In this project, we will learn how to analyze biological sequences (DNA, RNA and Protein) using online web tools. This will include transcription, translation.

Go to Expasy Tools here. Take a look at the wide array of web tools that are available. This is just scratching the surface. There are a ton of different websites devoted to bioinformatics analysis.

For this project, we will be performing some of the transformations and analysis that you did with the DNA models and by paper.

First, let's reverse complement a sequence.
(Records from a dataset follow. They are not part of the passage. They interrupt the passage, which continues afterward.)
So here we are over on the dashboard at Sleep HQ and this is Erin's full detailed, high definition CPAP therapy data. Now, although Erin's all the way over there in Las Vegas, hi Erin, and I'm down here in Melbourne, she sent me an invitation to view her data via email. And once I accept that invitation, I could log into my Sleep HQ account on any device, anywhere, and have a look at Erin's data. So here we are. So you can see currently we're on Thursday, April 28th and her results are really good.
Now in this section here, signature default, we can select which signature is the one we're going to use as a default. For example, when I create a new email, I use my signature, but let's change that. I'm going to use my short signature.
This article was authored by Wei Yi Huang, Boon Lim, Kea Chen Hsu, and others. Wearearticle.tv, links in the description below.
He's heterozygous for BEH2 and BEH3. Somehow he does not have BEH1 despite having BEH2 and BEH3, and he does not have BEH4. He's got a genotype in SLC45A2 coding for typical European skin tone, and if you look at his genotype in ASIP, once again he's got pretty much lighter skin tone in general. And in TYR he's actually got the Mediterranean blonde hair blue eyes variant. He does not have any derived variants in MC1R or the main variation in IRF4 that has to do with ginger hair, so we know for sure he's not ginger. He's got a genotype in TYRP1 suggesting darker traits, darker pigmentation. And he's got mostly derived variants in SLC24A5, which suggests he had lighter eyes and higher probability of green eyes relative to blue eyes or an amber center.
To do this, go to the reverse complement web tool here: Reverse Complement

What is the reverse complement of

"AATTGGCC"

?

Palindromes: A sequence that is it's own reverse complement is called a "palindrome". Given what you've learned about reverse complement, can you make up a 10bp DNA sequence that is a palindrome?

Recall the sequences discussed earlier today:

		  ..----------------------------------
		  .-----------------------------------
		  ------------------------------------
		  GGAUGGUAAGUAGUUUUUGAGAUCCCUCAUCAUAAA->RNA
		  GGATGGTAAGTAGTTTTTGAGATCCCTCATCATAAA->DNA
		  ||||||||||||||||||||||||||||||||||||
		  CCTACCATTCATCAAAAACTCTAGGGAGTAGTATTT->DNA
		  CCUACCAUUCAUCAAAAACUCUAGGGAGUAGUAUUU->RNA
		  ------------------------------------
		  -----------------------------------.
		  ----------------------------------..		  
		

Let's paste the "forward strand" sequence

"GGATGGTAAGTAGTTTTTGAGATCCCTCATCATAAA"

into the translation tool. Note the forward strand is the upper DNA sequence of the example from earlier today, and the reverse strand (the lower DNA sequence) is the reverse complement of it. Demonstrate that the reverse strand is the reverse complement using the reverse complement tool.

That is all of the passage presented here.